For Obama, the Ukraine crisis is a dramatic diversion from attempts to stay focused largely on domestic affairs in a congressional election year that may represent his last best chance for legacy-building achievements before Americans look past him and focus on the 2016 presidential campaign.

The president and fellow Democrats are struggling to hang on to control of the Senate and build up their numbers in the Republican-controlled House of Representatives in November elections.

In addition to using the Ukraine crisis as another cudgel against Democrats in this year's congressional elections, Republicans also see it a possible line of attack in the 2016 presidential race.
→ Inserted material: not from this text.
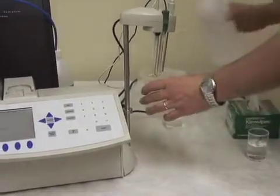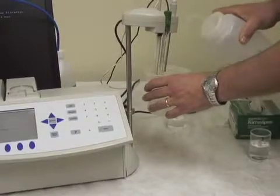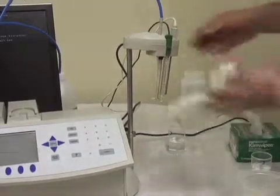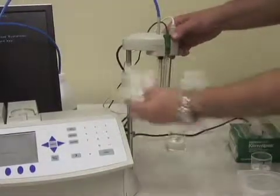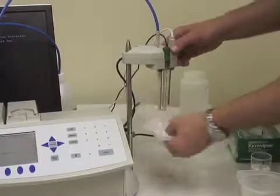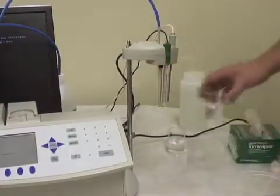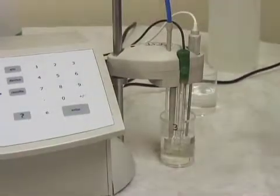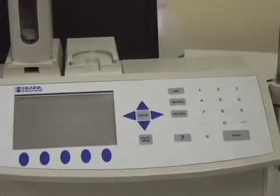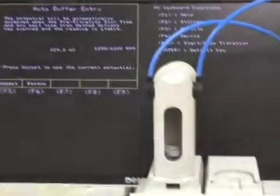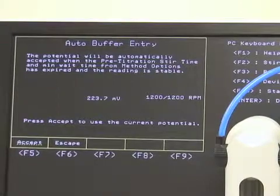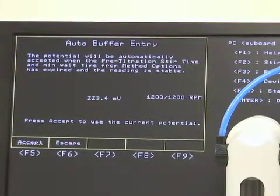We always rinse and dry between samples when doing pH calibration. We'll take our 3 buffer and simply hit accept. Just like the 7.0 buffer, it's going to run for 10 seconds mixing the sample, then take the reading. As long as it falls within a certain set of parameters, it'll accept it and go back to the pH buffer menu.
Some potential Republican White House hopefuls, such as Florida Senator Marco Rubio, have been pushing a more assertive foreign-policy approach.

"The president must now accept that the only way to deal with tyrants like Vladimir Putin is with a clear understanding that they can't be trusted and that only decisive action will deter their provocative moves," Rubio said.

White House officials frequently point out that Obama's more cautious approach is in sync Americans' weariness of foreign wars.

"He has a leadership style for foreign policy consistent with what the American people want to see done in the world today," said Mike McCurry, a former State Department and White House spokesman for President Bill Clinton. "That kind of severely limits the posture you can have for robust foreign policy when the American people really want us to pull back."

In the case of Ukraine, White House officials say, Obama's actions are already hurting Russia because the threat of sanctions has rattled financial markets there and undermined Putin's attempt to buff the image of Russia after having hosted the Sochi Winter Olympics.

"We're already seeing Russia pay a real cost for its actions in Ukraine," White House deputy national security adviser Tony Blinken told CNN. "All this is undermining how Putin defines his power."

This is what Thomas Alan Schwartz, a presidential historian at Vanderbilt University, calls "an international shaming of Putin, trying to make it seem like Putin is on the wrong side of history."

McCain said this won't be enough. The Republican senator has been sharply critical of Putin and first raised the issue of Ukraine in a 2008 presidential debate as he ran against Obama.

McCain now says the United States should respond to Putin's move in Ukraine by bolstering military ties with the Baltic nations, Estonia, Lithuania and Latvia, and welcome Georgia as a NATO member.